Jessie Wise, a founding member of the Federation of Black Cowboys, takes particular pride in introducing inner-city children to horses and history especially the black influence in the Old West.
"The community loves us," said Mr. Wise, 62, who sports a Western-style handlebar mustache and runs a construction company.
Federation members roam through the city, teaching children how to ride, care for and handle horses, appearing at major events as well as fairs, picnics and schools.
There is no official dress code, but members look the part in tight jeans, leather belts, boots and wide-brimmed hats.
The federation was formed in 1994 to promote the history of black cowboys, whose contribution to Western lore has been obscured by more heralded frontier figures, including gunslinging lawman Wyatt Earp and prairie pundit Will Rogers.
But according to the federation's Web site, the West also was built by the likes of Nat Love, known as Deadwood Dick, who was born in a Tennessee slave cabin and worked as a cowboy and in the rodeo; and Mary Fields, known as Stagecoach Mary, who in 1885 ran a stagecoach line.
"Usually on TV, it's about whites," said Ellis Bryan, 16, of Brooklyn. "I didn't know black cowboys existed until I met them."
That came after driving past the Cedar Lane stables in Queens with his parents. "I'd look out the window and see these horses and kids running around and having fun," he said.
Since his first visit two years ago, Ellis has become a regular, learning to ride and groom horses.
At Cedar Lane located on 25 acres of city-owned property in the Howard Beach section of the borough the group holds parties, field trips and an annual "Rodeo Showdeo" festival.
Many of the group's 40 members are native Southerners who grew up around horses. Others are New Yorkers raised on Western films and cowboy legends, and teenagers who first learned about horses from the Black Cowboys themselves.
New Yorker Warren Small, who acts as federation spokesman, spent summers in North Carolina among tobacco crops, horses and mules. One of his early memories is of a mounted city police officer who gave him a ride through Harlem.
"You might say from that day forward, it left such an impression upon me that I just knew I was going to have a life that in some way was going to interact with a horse as well as law enforcement," said Mr. Small, 57, a court officer.
Inspired, Mr. Small began studying the history of the nation's black cowboys; today, he is an expert.
"We let the kids know that we didn't just start involving ourselves with this because we knew about Hopalong Cassidy or Roy Rogers or so forth," Mr.

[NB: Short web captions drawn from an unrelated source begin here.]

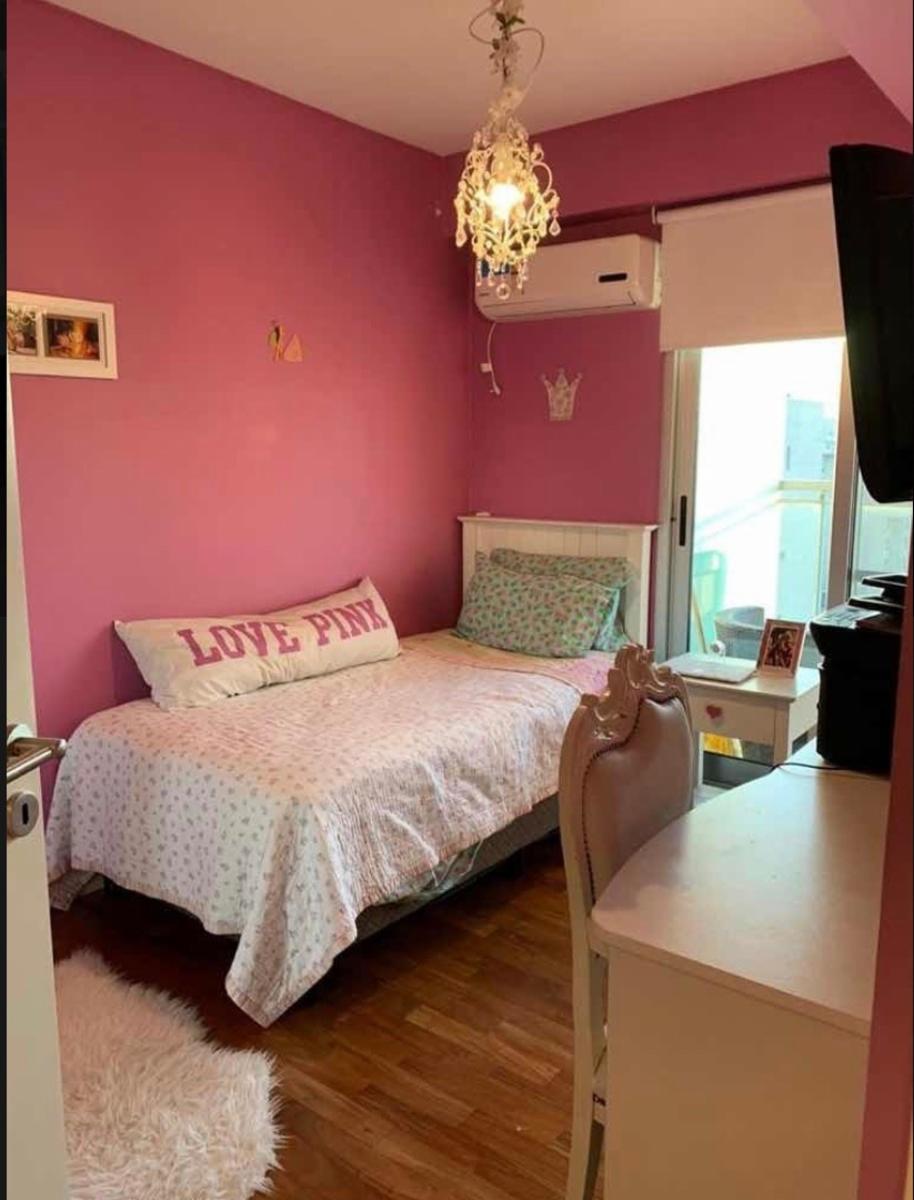 VENTA DEPARTAMENTO 4 AMBIENTES CABALLITO C COCHERA Y BAULERA — foto 11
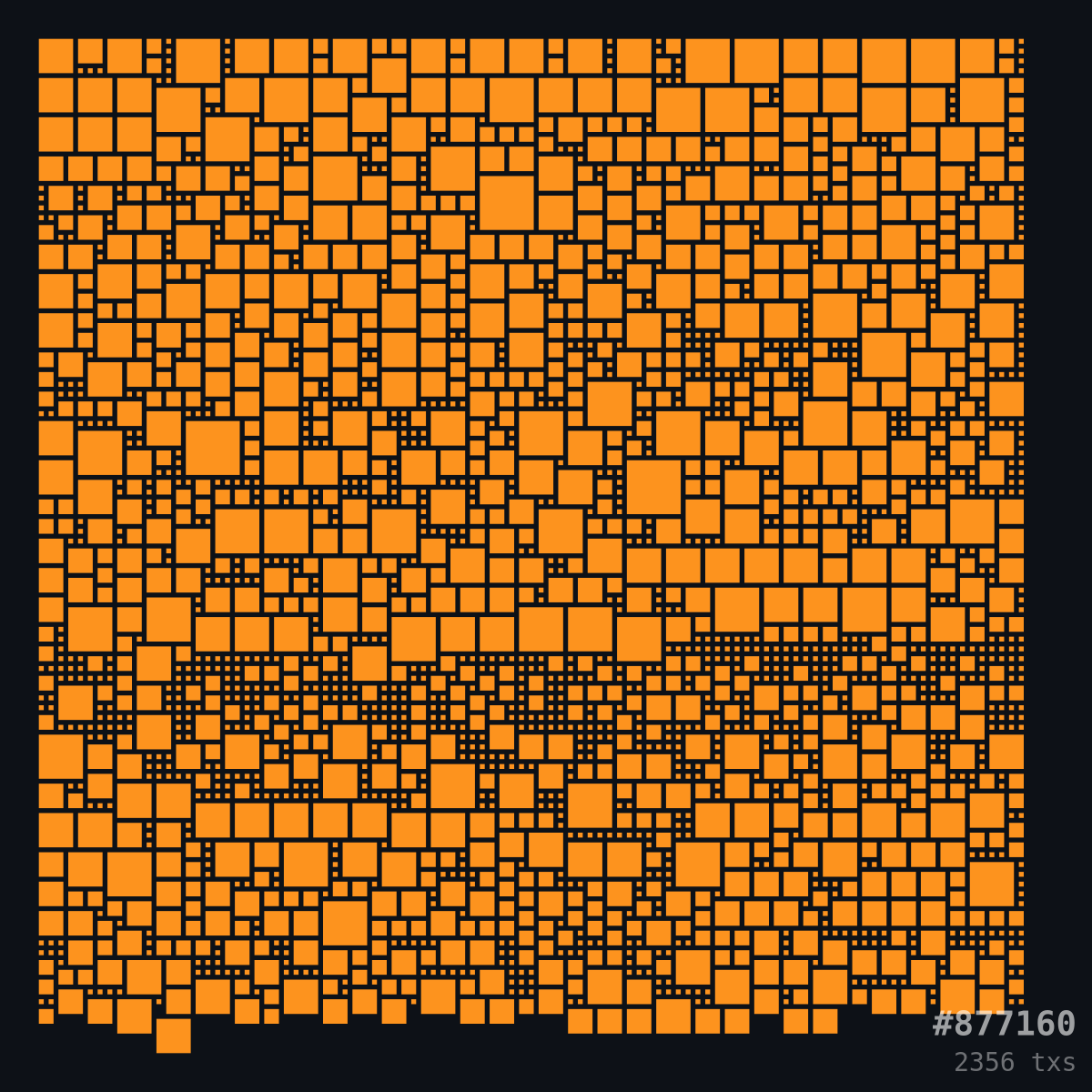 bitmaptrade's tweet photo. 🟨 𝗕𝗜𝗧𝗠𝗔𝗣 𝗦𝗔𝗟𝗘 𝗔𝗟𝗘𝗥𝗧 🟨

✨ Sweep Alert ✨

🧹 eck0 just swept 23 Bitmap for 0.00168 BTC ($123.65 USD) 
🕵️‍♂️ Buyer: https://t.co/6dGljErs8a

🦉 Automated by hootertech https://t.co/SglflN0TqC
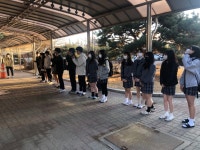 학생자치활동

Small said. "We were those cowboys."
Phil Roberts, a University of Wyoming history professor, says black cowboys became common after the Civil War, and that some figured prominently in the Old West as rodeo cowboys or members of all-black cavalry units known as "Buffalo Soldiers."
Back east, though, their legacy remains largely unknown.
"I always wanted to be a cowboy," said Don Rouse, 48, a retired corrections officer. "People said, 'You're crazy. There are no cowboys in New York.' We've made them out to be liars."